Cendel cleared his throat. “Kinchasa re no?”
The prisoner went wide-eyed, looking directly at Cendel. He had not expected an Alyrian to be able to speak his exotic language.
The prisoner responded, “Evi neto sena kanatefa.”
Cendel translated for Reneda. “Um…he says he will not speak to ‘mainland scum’.”
Reneda huffed before backhanding the prisoner in the mouth. A drop of blood fell to the floor.
“Ser, is that necess-”
“Ask him why he’s here,” Reneda instructed. “Ask him why his people invade our lands.”
Cendel hesitated but did as he was ordered
. Better he gets beaten than me. He translated the question into Avarwythian.
The prisoner responded the same words. “Evi neto sena kanatefa.”
Reneda, without warning, drew his dagger from his belt and stuck it deep into the prisoner’s knee. The tip pierced his skin and drove straight through the flesh, sliding underneath the bone of the knee cap.
The prisoner wailed in agony as Reneda twisted the blade, lifting the kneecap up from its normal position.
Cendel quivered as he heard the ligaments tear and the bone crunch against the blade.
Reneda shouted in the prisoner’s face as he writhed around in his chains. “Why are you here?!”
Reneda pushed the dagger in deeper before lifting it upwards, the kneecap splitting in a horrific popping sound that made Cendel want to expel the contents of his stomach.
He had to avert his eyes, lest he be sick.
“Why are you here?!”
The prisoner screamed. “Ila, ila!”
Reneda pulled the dagger out, wiping the blood with his coat. The Akurai prisoner stopped screaming, before grimacing and spitting at Reneda’s feet.
“Heretic bastard,” Reneda muttered under his breath. “Ask him why he’s here again, if you don’t mind.”

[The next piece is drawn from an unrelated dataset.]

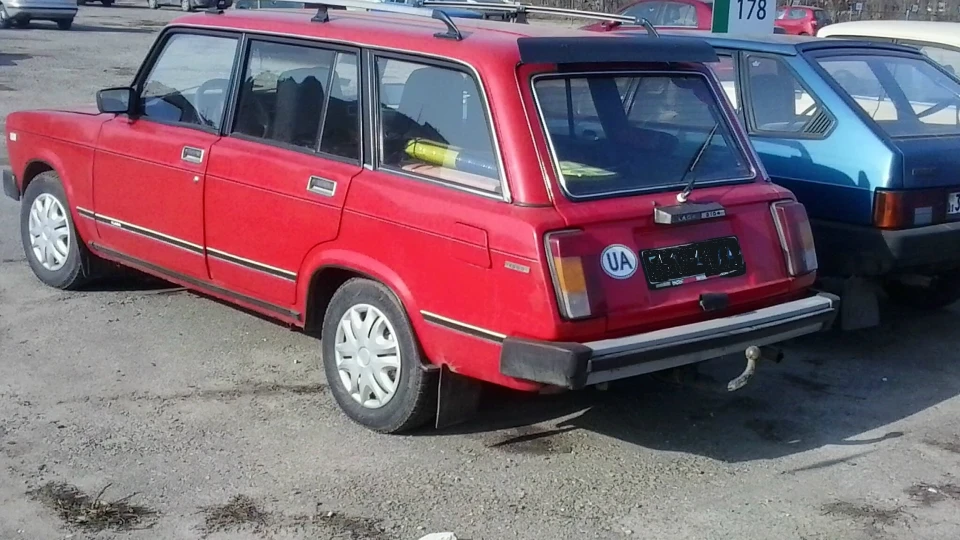 Lada 2104 Салон та капот ВАЗ 2107. 2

Cendel gulped. He did not want the prisoner suffering anymore. “Ser, I… I don’t think this is the right thing to do.”
“Look at him.”
Cendel looked at the prisoner, chained before him. His knee was dislocated, and a thin stream of blood ran down his bare shin. His head was bowed, and he was shivering.
“This thing does not deserve an ounce of sympathy from either one of us. He was sent here to plunder, to rape, to kill. We need to know why, we need to know by who, and we need to know where any future attacks will take place.”

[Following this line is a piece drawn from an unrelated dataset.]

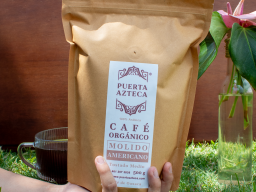 Café orgánico Puerta Azteca Americano Molido y taza de café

“But ser, we cannot torture this man. It’s not right.”
“He is no man. You will do as you have been ordered, soldier. We are at war- the rules do not apply anymore while these bastards attack our lands and murder our people.”
Reneda stared at Cendel without blinking. The sergeant seemed desperate; he wanted answers, and he wanted them right then and there.
Cendel rubbed his eyes, huffing. He knelt before the prisoner so that their gaze aligned. It was an intimidating position to be in- the man was huge. But he felt his odds were better if he tried connecting with the prisoner, and what better way to do that than stare the man in the face?